Only once, running through the darkness, frightful and alarmed, realizing the truth that is my own, a thief: a master of disguise and treachery, mocking the structural foundation of state and country, disregarding all that is truth and just, only in order to amend and adjust the corruption that government has committed onto the population, with each step pounding onto the ground splashing up water from each puddle, landing back on the ground behind me leaving a trace, my mark of operation, like a plane flying through the sky leaving its smoke tail track reminding those who watch where it came from and is always heading forward, just as my eyes proclaim the exit, my victory, the escape of a lifetime, the cop stared at me from straight on, like a standoff of two cowboys waiting for the other to make the first move, anticipating when and what would be the match that lights the detonating cord that leads to the explosion of movement, as each drop hits the ground in a monotonous tone, of almost tranquility in a pleasant scenario, but here with heart-beating painful sound waves hitting my ears exasperating my every breath, waiting, thinking, and hesitating about if I was going to be the first to move.
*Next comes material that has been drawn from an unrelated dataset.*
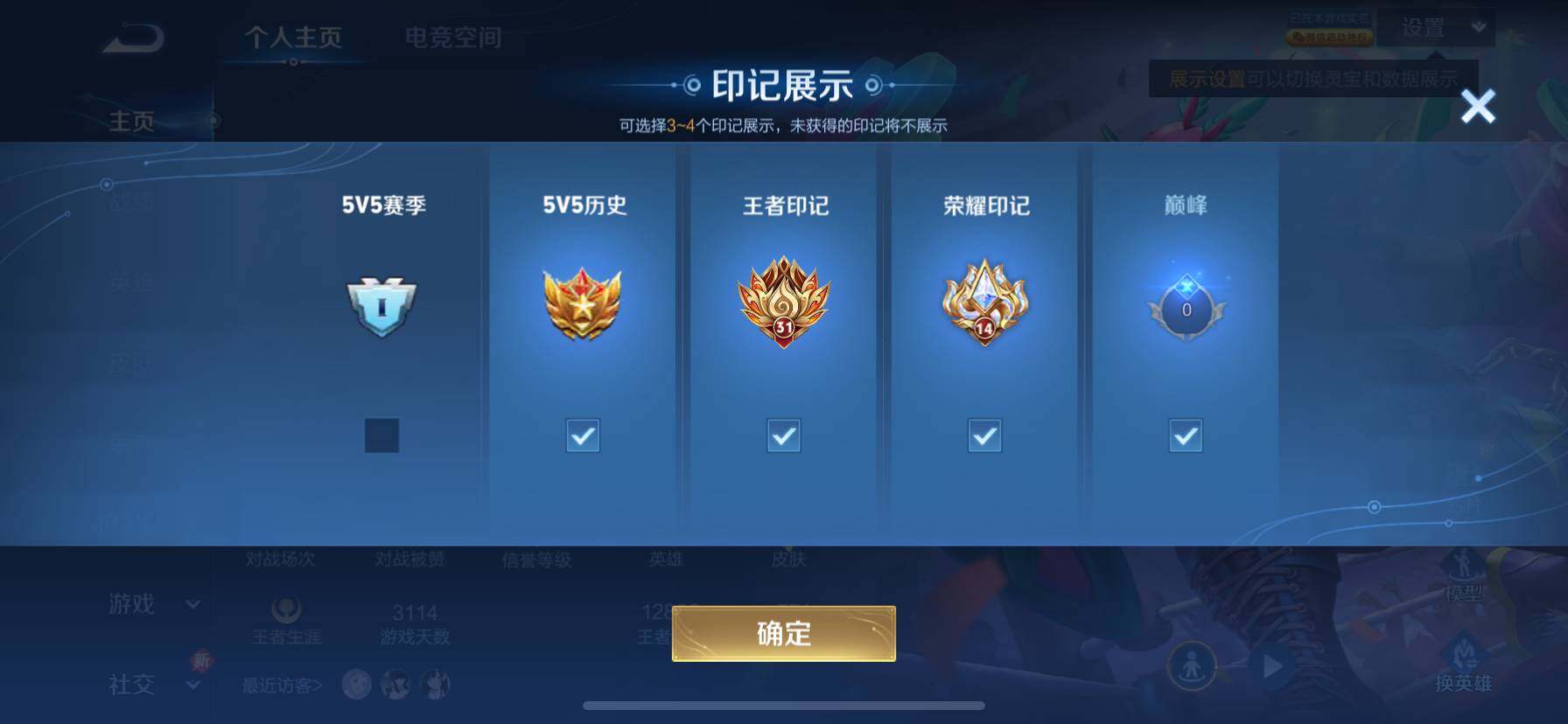 WZ033143589王者荣耀账号详情图37 WZ033143589王者荣耀账号详情图37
Feeling the grainy rough texture as a finger traces and flows with its edges, such a bright reddish-orange color, looking as though the sunsets’ light was captured under the coarse surface appearing to be as hot as the suns’ surface; memories begin to flow just as fingers follow and trace the path; the heat, being surrounded by nothing for miles and miles as the rocks around are scorched by the sun, almost on fire themselves trying to look around becomes hard as the glare penetrates even the sunglasses and the shade that the hat had once provided -climbing over the rocks getting higher and higher trying to reach the shelf that only seems to get farther away as we climb up; As we breach the the top and stand up beside one another we slowly take in the surroundings- all around the shrubs, desert trees, and rocks are set almost on fire by the sun- those flames seem to lick at us as we feel the heat of the air as it drys the sweat off our skin before we can even whip it off our own brows- As I look out around me...I feel free and at peace as I am no longer surrounded by the hustle and bustle of the world and as the sun descends I can see millions of trillions of stars that my own eyes have never beheld until this very day out among the red rocks in Nevada’s national park.